However, the seismic data from the deeper, main pay intervals in the 17MY interval suffer from several data limitations. Principal among these is significant multiple energy contamination. Multiple generating surfaces exist not only at the water bottom, but also at other shallow horizons below mudline. The energy from these multiples occurs at the same time as the main pay interval primary reflections over much of the field, seriously degrading the data, especially in the pre-stack domain. Earlier processing of the data during the exploration and appraisal phases of the field, while attenuating the multiples, did not adequately resolve the problem. Consequently, extracted amplitudes from the 3D seismic data did not follow expected Class II AVA behavior. Recent reprocessing efforts by ChevronTexaco using a Gaussian beam method for attenuation of the multiples have given encouraging results that should allow better characterization of the reservoirs from seismic in future reservoir models.
Additionally, wavelet estimations from the seismic data indicate that the frequency content is relatively low, limiting the ability of the seismic to resolve pay sands. Multi-sand intervals tend to image as low frequency, high amplitude far-angle reflectors with typically two or three sands imaged by one peak-trough-peak seismic event. The minimum sand thickness detectable at the main pay intervals in these data is about 30 meters.
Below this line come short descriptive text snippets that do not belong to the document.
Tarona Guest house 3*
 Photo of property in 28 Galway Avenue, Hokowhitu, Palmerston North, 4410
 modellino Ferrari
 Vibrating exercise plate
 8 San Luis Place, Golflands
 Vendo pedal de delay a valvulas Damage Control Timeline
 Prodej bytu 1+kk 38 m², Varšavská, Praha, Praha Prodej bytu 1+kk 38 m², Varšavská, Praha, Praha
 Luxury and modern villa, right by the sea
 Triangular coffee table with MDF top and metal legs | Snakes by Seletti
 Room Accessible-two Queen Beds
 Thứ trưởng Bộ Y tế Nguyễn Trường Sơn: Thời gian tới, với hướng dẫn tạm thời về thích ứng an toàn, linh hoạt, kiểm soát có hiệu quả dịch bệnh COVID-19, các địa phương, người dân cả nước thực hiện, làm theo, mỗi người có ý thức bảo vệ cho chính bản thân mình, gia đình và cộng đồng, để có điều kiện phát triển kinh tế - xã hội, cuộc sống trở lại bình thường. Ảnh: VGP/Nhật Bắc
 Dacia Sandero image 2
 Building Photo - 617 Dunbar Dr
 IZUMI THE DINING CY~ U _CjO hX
Also, reflectors from the inboard limb of the fold at the northwest end of the structure have diminished stacked amplitude responses and in general, the inboard limb is less well imaged than the outboard limb. Shallow toe thrusts north of the field appear to be masking far offset traces which would normally contribute to the expected high amplitude far angle reflections of oil bearing sands. To record higher angle traces in this area, and hence better map the sand distribution, we are proposing to re-acquire data parallel to this thrust front.